国内のライバル社を含め、自動車産業関係者の多くが、かつてのゴーン氏が着目/先んじたEV=電気自動車量産を、国と共に一丸となって推進していたら、令和の今:欧州に負けない産業構造を維持出来ていたかもしれない…と悔やんでも仕方ありません。側近に足を引っ張られ、ねたまれ、多額の役員報酬類を簿外に隠ぺいを重ねたのが事実であれば、(先日のNHK:BS世界のドキュメンタリーの内容含め)ゴーン氏の功罪を、あらためて検証…という流れは、(保釈中にレバノン国へ逃亡の)今となっては難しい…でしょうか。
国際政治と、国内企業法務を同じ枠内で論ずるのは乱暴かも知れませんが、昨年:米国がアフガニスタン撤退をした事が非難されましたが、そもそも米国が駐留するまではソ連(現ロシア)が手に負えず撤退した史実まで遡って物事の評価というものをするべきだと思っている者の一人として、ビジネス法の一つ「金商法違反」という括りだけで論じるだけで十分なのでしょうか…。
グローバル社会の一角を担う立場でありながら、幾多の違法/不正を繰り返し続ける国内各社。
ミサイルや戦車こそ使わないものの「企業戦士」を、どこかではき違えての、法令遵守逸脱の本件:事例が、後世に語り継ぐべき教訓は何か…。自動車業界を巡る真のコンプライアンス社会の形成を、コロナ感染及び、ロシア/ウクライナ紛争勃発の今こそ、多角的若しくは鳥瞰図的な視点で論じて行く時期なのでは?と、思っています・・・。
投稿: にこらうす | 2022年3月 7日 (月) 14時52分
ゴーン氏の会社法上違法な報酬も確定報酬として有報への記載義務が無いとはいえないというようなニュアンスのようです。
ある著名な弁護士情報ですが、8年分のゴーン氏の未払い役員報酬には株主総会で承認されてる限度額以上の報酬の年もあり、そういう違法な報酬でも金商法上の開示義務が無いとはいえないという判断だそうです。
無いとはいえないという、また微妙なニュアンスです。
違法な報酬を記載したら記載したで株主は適法な報酬だと誤解するわけですから、それも虚偽記載という感じがしますね
書いても書かなくても有罪になるような二重規範的な判断だったような気もします。
ゴーン氏は公正な裁判は期待出来ないと言って逃亡したので、担当裁判官を全否定したようなものです。

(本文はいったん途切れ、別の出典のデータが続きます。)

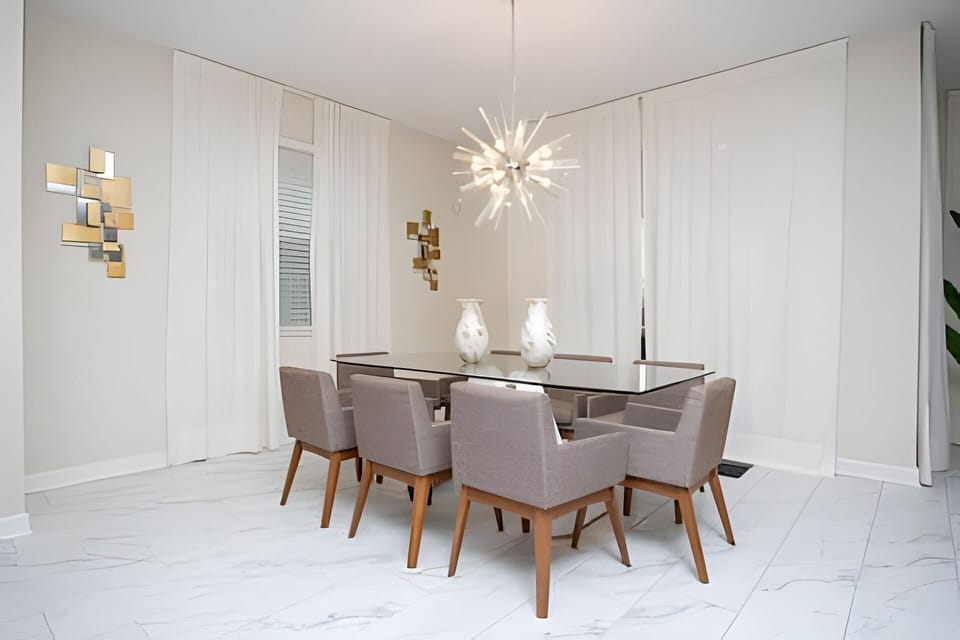 Villa | Dining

ケリー氏は控訴したので、裁判官が変わる高裁の判決に注目したいですね。
投稿: 通りすがり | 2022年3月 8日 (火) 20時51分
ある著名な弁護士の続報情報ですが、ゴーン氏の会社法上違法な報酬も確定報酬として有報への記載義務が無いとはいえないというのは、「会社法上無効なものでも事後的に株主総会の決議があり、当初から有効なものだと取り扱われる事があり得る」という事のようです。
「支払われた」というのは、「支払われる事になった」という意味で、支払われた報酬(支払われる事になった報酬)は20億と記載すべきだったという事のようです。
支払われたという表現ですから、支払いそのものは今じゃなくても将来でも確実という事なのでしょうか。
しかし裁判官の解釈を用いるなら、「ゴーン氏が有報に未払い役員報酬を記載しなかったのも、支払われた報酬なのに何らかの理由で将来支払われない事になり、記載しない事が当初から有効な事だと取り扱われる事があり得る」とも言えるのではないでしょうか。
「支払われたた報酬」なのに、「支払われない」というのも日本語的におかしいですが。
現実的にゴーン氏にはその未払い役員報酬が何らかの理由で支払われていないわけですから、記載しない事は法的に有効なのではないでしょうか。
裁判やる前から結論は決まっていた印象です。
結論を決めて、それに当てはまる理由を考えているという印象です。
会社法上違法な報酬を書いても法的に有効になり得る一方、もらってない報酬を書かないのは違法。
書いても書かなくても違法になり得る二重規範的判断という感じですね
仮にゴーン氏が有報に未払い役員報酬を記載したら記載したで有罪になっていたのでしょうという印象です。
※「支払った」ではなく「支払われた」でした。訂正します。